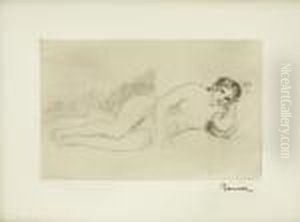 Femme Nue Couchee (tournee A Droite), 1re Planche Femme Nue Couchee (tournee A Droite), 1re Planche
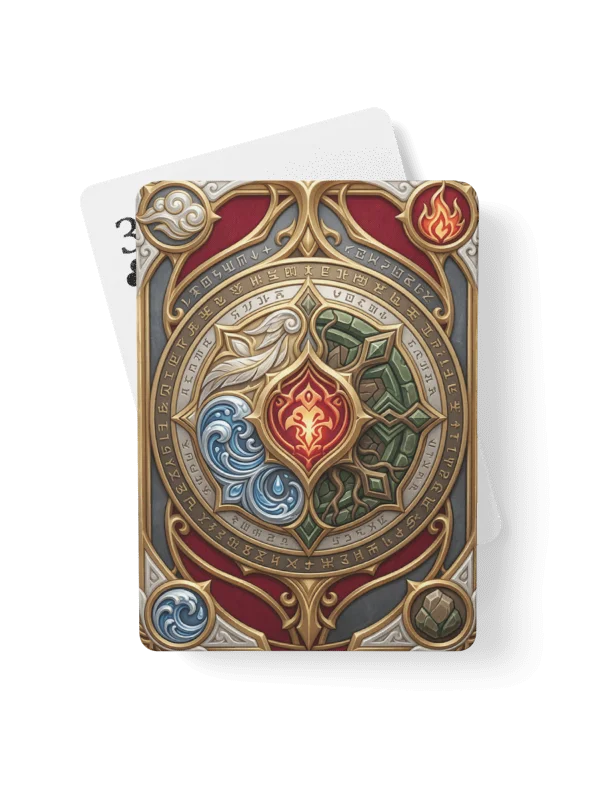 Mythical Elemental Poker Playing Cards | Fantasy RPG Runic Medallion Card Deck product image (1)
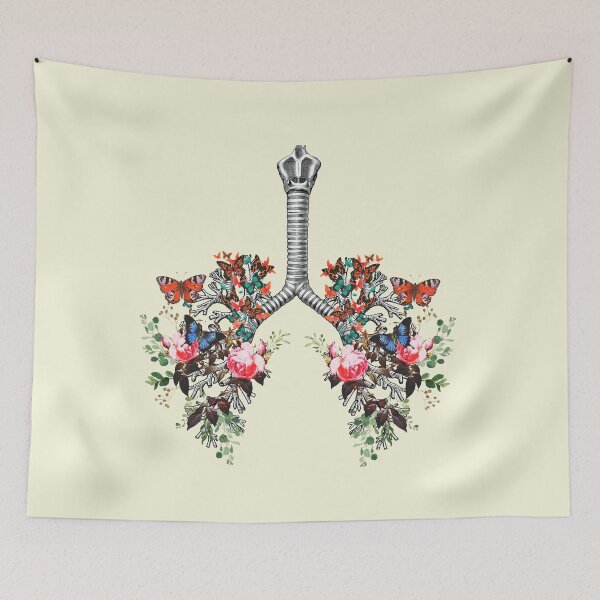Item preview, Lungs with floral climbing plant and branches, purple and green, cancer awareness, bloom floral, anatomy, watercolor designed and sold by Collagedream.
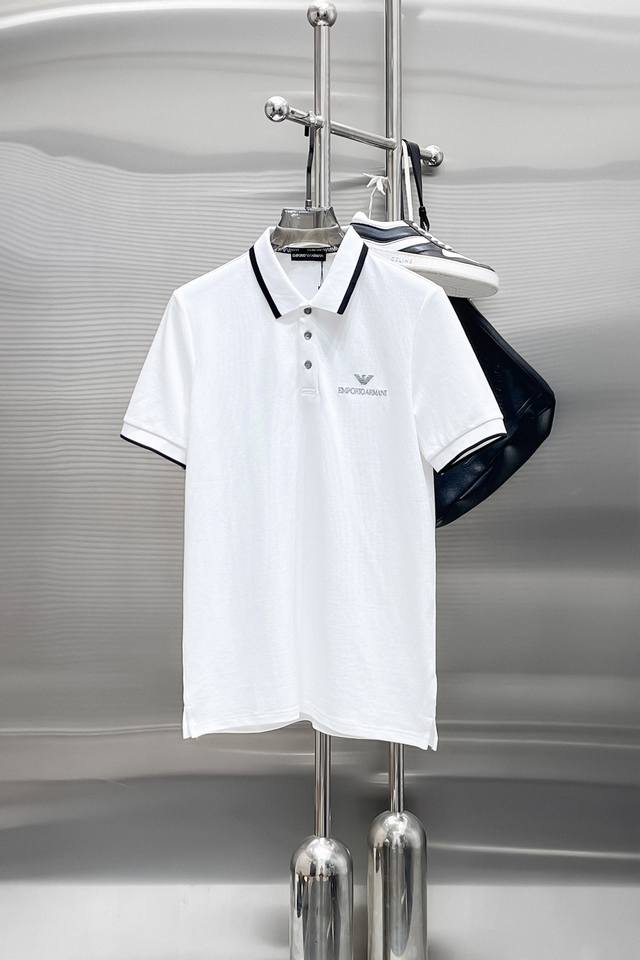 Armani 2025Ss夏季新款 Logo男士翻领Polo衫！经典商务男款，高端男装的天花板级别的商务男款！简约时尚大气不失优雅，单穿内搭体面过人，品质控 细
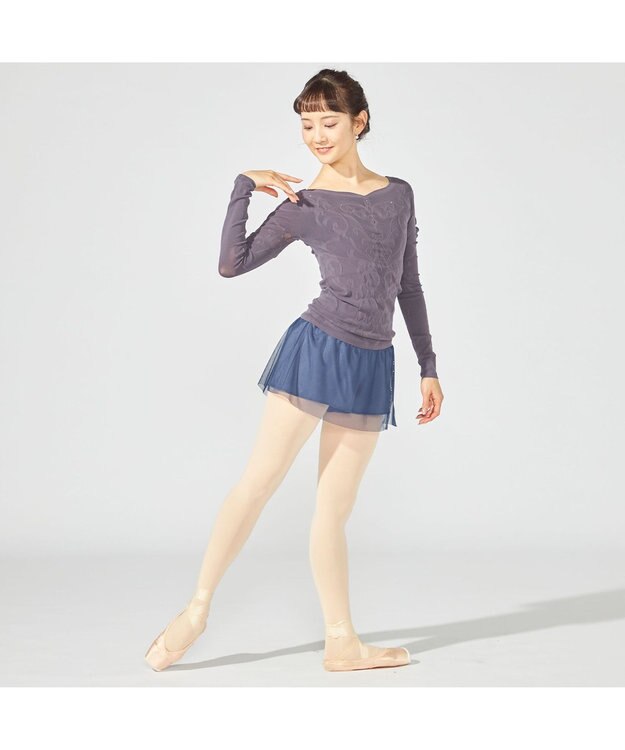 Chacott 【ノーソーイングニット】クリスタルバレリーナネックニット チャコルグレー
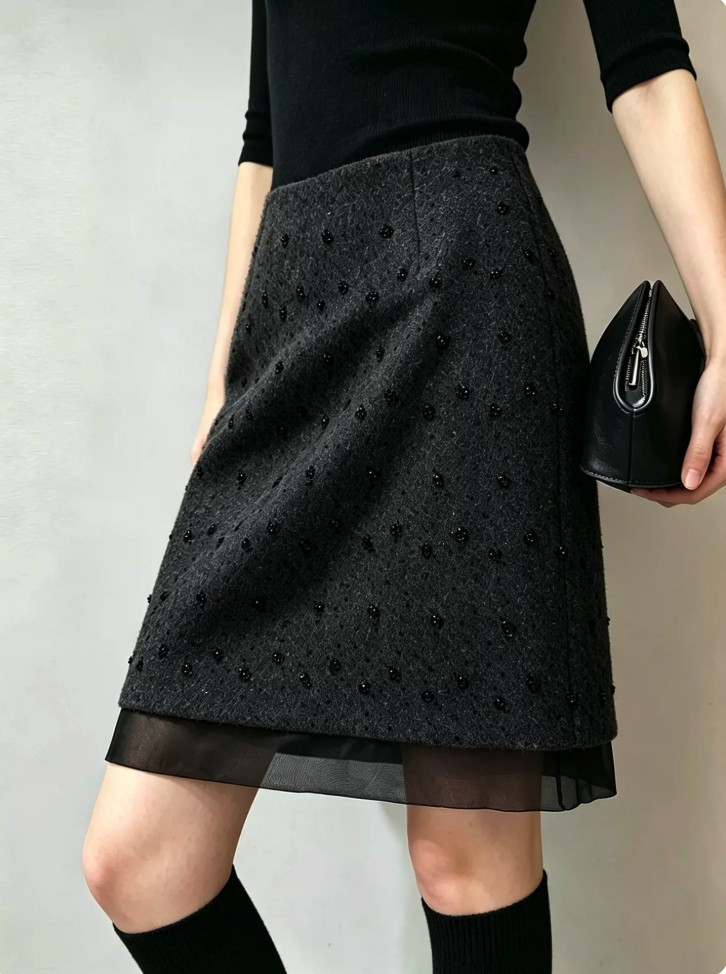Heavy Beaded Wool Modal Woolen Skirt
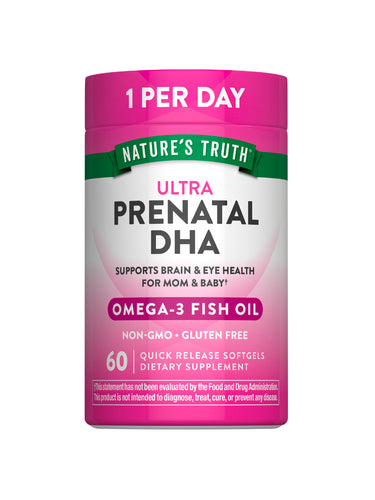 Prenatal DHA 60 Quick Release Softgels provide Omega-3, are non-GMO, gluten-free, and require one per day.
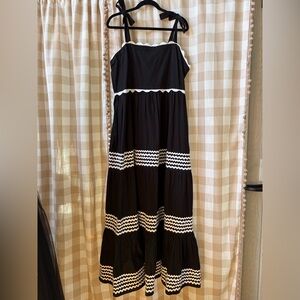 crown & ivy Black Maxi Dress with White Trim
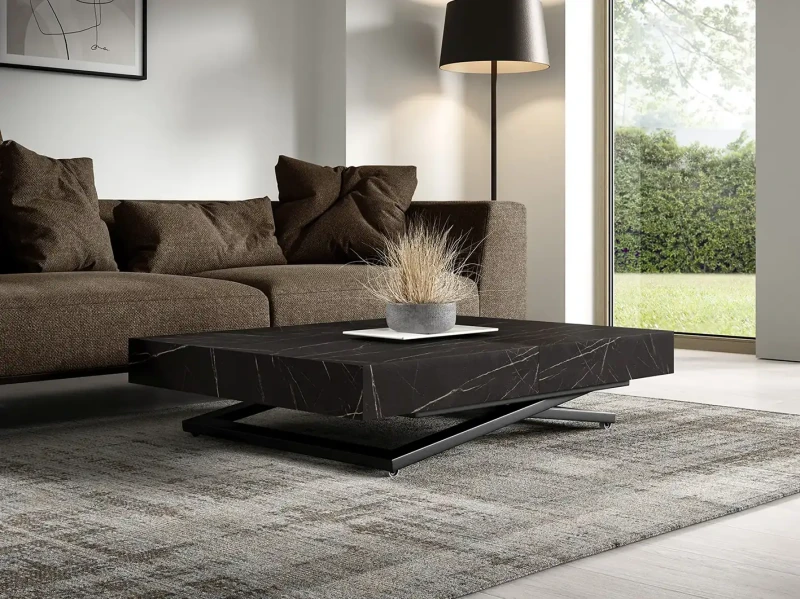 Ławostół rozkładany Sonic U 120-200 cm do salonu - Black Pietra Grigia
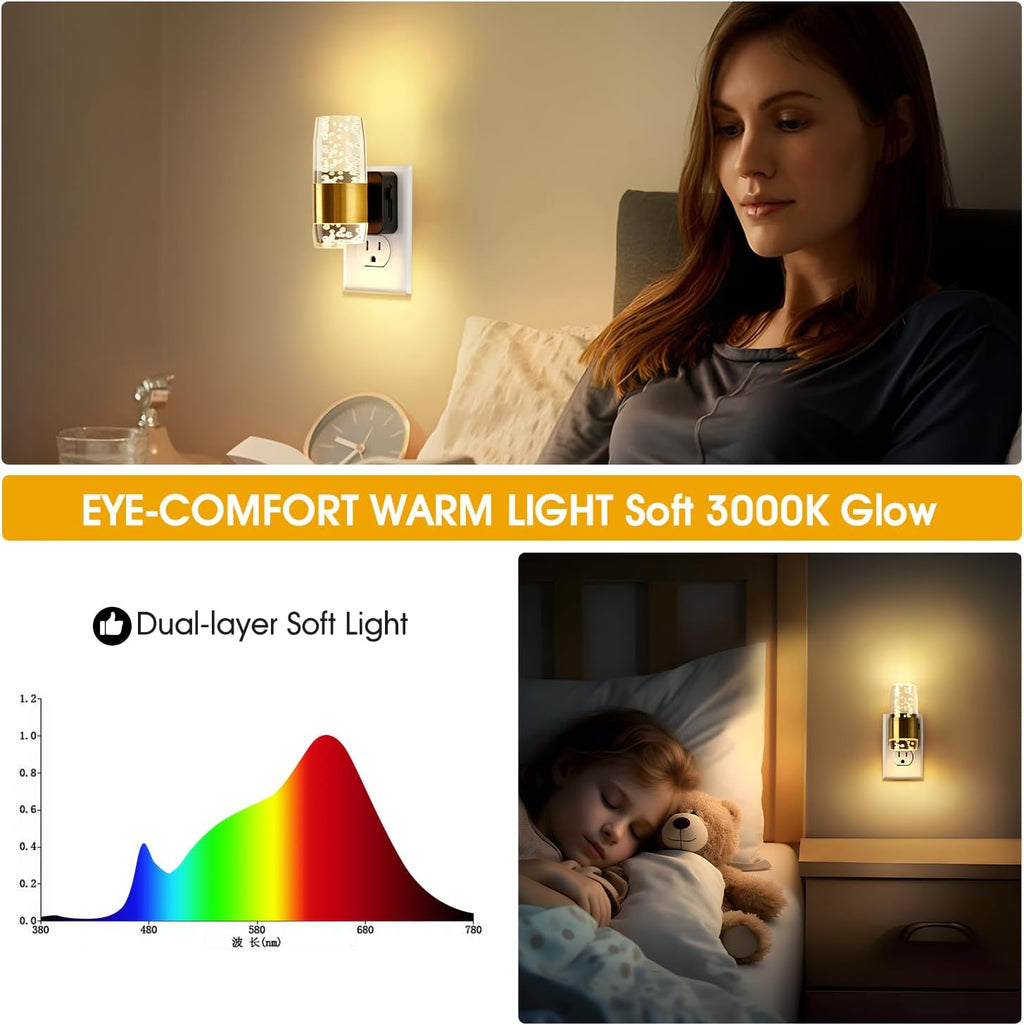 LED Night Light, Dimmable Night Lights Plug into Wall 2 Pack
__________
__PROBLEM REQUIREMENTS__. Word for word, write out the full listing, leaving the pictures aside.

__TASK OUTPUT__.
 Femme Nue Couchee (tournee A Droite), 1re Planche Femme Nue Couchee (tournee A Droite), 1re Planche
 Mythical Elemental Poker Playing Cards | Fantasy RPG Runic Medallion Card Deck product image (1)
Item preview, Lungs with floral climbing plant and branches, purple and green, cancer awareness, bloom floral, anatomy, watercolor designed and sold by Collagedream.
 Armani 2025Ss夏季新款 Logo男士翻领Polo衫！经典商务男款，高端男装的天花板级别的商务男款！简约时尚大气不失优雅，单穿内搭体面过人，品质控 细
 Chacott 【ノーソーイングニット】クリスタルバレリーナネックニット チャコルグレー
Heavy Beaded Wool Modal Woolen Skirt
 Prenatal DHA 60 Quick Release Softgels provide Omega-3, are non-GMO, gluten-free, and require one per day.
 crown & ivy Black Maxi Dress with White Trim
 Ławostół rozkładany Sonic U 120-200 cm do salonu - Black Pietra Grigia
 LED Night Light, Dimmable Night Lights Plug into Wall 2 Pack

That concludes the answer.